米国が自国の安全保障にとって重要と判断する産業に対しては、市場原理を放棄し、国家が直接介入できるという点も明確にした。ブルームバーグは「政府の直接介入が市場と政界を驚かせている」と報じた。業界はトランプ政権が半導体工場を自国領土内に誘致すること線を越え、工場経営のコントロール権まで確保する狙いだと分析している。半導体業界関係者は「少数株主だが政府が私企業の株主になった瞬間、意思決定に影響を及ぼす公式な窓口ができる。補助金支給ではできない企業統制方式だ」と指摘した。
■補助金を株式に転換
インテルをはじめ、主な半導体メーカー各社は、半導体支援法によって、大規模な対米投資を約束した。同法は米国内に半導体生産施設を建設する企業に総額527億ドルの補助金を支援することが骨子だ。インテルはオハイオ州などに5年間で1000億ドルを投資し、半導体生産およびパッケージング(封止)を行う施設を拡張・新築すると発表した。米マイクロンと台湾積体電路製造(TSMC)もそれぞれ1250億ドル、1650億ドルの投資を発表した。韓国企業ではサムスン電子がテキサス州テイラーに370億ドル以上を投じ、来年までにファウンドリー(半導体受託生産)工場を建て、SKハイニックスは2028年までにインディアナ州に先端パッケージング工場を建設する予定だ。

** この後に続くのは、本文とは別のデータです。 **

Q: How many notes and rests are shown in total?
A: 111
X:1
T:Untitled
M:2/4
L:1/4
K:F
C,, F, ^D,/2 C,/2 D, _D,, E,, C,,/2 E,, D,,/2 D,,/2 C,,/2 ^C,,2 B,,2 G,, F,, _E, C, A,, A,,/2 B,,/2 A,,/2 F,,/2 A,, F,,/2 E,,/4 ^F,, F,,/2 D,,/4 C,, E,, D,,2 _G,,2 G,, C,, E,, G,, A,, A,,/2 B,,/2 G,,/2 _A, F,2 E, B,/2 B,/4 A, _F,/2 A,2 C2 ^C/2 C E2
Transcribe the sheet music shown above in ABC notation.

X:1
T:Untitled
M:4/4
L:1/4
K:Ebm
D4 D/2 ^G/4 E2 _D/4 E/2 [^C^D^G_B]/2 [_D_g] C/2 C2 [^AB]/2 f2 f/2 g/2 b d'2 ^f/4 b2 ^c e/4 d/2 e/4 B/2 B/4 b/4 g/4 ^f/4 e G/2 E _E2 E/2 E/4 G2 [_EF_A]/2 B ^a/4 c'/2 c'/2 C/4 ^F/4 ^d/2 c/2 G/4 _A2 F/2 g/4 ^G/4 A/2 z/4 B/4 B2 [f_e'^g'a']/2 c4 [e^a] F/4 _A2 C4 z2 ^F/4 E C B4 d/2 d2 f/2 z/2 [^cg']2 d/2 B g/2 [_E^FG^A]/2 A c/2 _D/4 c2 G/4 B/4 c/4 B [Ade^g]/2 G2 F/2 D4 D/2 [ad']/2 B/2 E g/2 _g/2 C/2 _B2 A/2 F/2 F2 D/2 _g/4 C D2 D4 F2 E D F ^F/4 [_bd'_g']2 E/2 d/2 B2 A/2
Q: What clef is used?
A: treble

米政府は投資に比例して補助金支援を約束した。TSMCは66億ドル、マイクロンは61億6500万ドル、サムスン電子は47億4500万ドルの補助金を受け取ることがそれぞれ確定した。しかし、トランプ政権になり、半導体支援政策に対する全面的な再検討が始まり、補助金の大半はまだ執行されていない。インテルが経営難に陥ると、米政府は同社支援に苦慮したが、補助金で株式10%を取得する案を持ち出した。それを他社にまで拡大適用すると表明した格好だ。業界関係者は「バイデン政権は補助金というアメで世界的な半導体メーカーを米国に誘致し、トランプ政権は関税と株式取得というムチで圧力を加えている」と話した。
■半導体主導権握る狙い
ラトニック米商務長官が言及した通り、補助金支援分に相当する会社株式を取得するとすれば、米政府はインテルの株式9.8%を握る筆頭株主の座に就くことになる。インテルは補助金109億ドルを受けることを決めたが、これはインテルの時価総額(1108億ドル)約9.8%だ。同じ方式で計算すると、米政府はサムスン電子に1.6%、マイクロンに4.5%、TSMCに0.7%を出資する半導体業界の超大口投資家になる。